This is an issue that’s vexed us for some years here, but having just seen the most ridiculous tender process we’ve ever come across, we really have to say something for the good of all. After all, if we ignore history, we are bound to repeat it.
Local authorities, now and again, buy e-consultation systems like Opinion Suite. All well and good. Some have pretty narrow requirements, and so provide fairly short briefs on what they want. These only need a fairly short response, saying “yes, we can do that, it costs x”. Some want larger systems, but are open to ideas as to the best approach being suggested by suppliers. Again, all well and good.
Some though, want you to write pages and pages and pages of response to them, something akin to the script for the Lord of the Rings. The director’s cut of it to boot.
We just had the largest one of these we’ve ever seen come in – 9 different documents totaling 58 pages and featuring (on a quick count) 298 separate questions to answer.

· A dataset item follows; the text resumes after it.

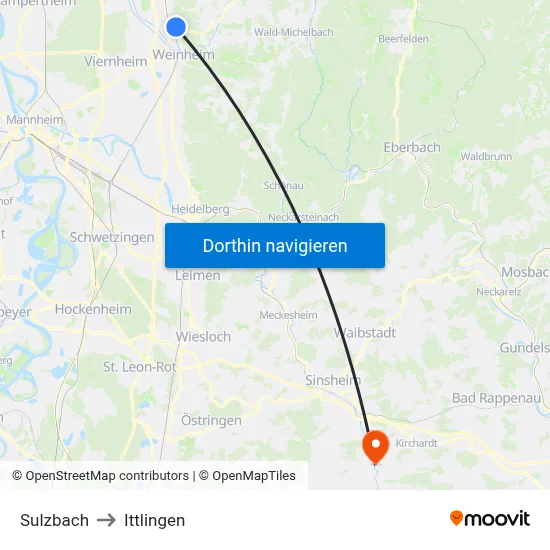 Sulzbach to Ittlingen map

Not just ‘yes/no’ ones either, but things like writing bespoke architecture diagrams and a project plan. You know, the sort of thing that’s actually best done once you’ve actually had a kick off meeting with a client.
Some similar tenders have seemed silly before, but this one really makes the ridiculousness of this sort of approach become all too apparent. Here’s why…
1. The project had been designed by committee, clearly. In a ‘functionality requirements’ specification, running to 135 different requirements, every possible e-participation tool under the sun had been thrown into the pot, some that even contradicted each other. There was no reference to how any of this will fit with internal process, what the actual user cases are for the functionality. Nothing, in essence, that is needed to have an online engagement project be successful. If the authority does end up with a system that complex, I’d be amazed if in practice even half of it got used in any meaningful way.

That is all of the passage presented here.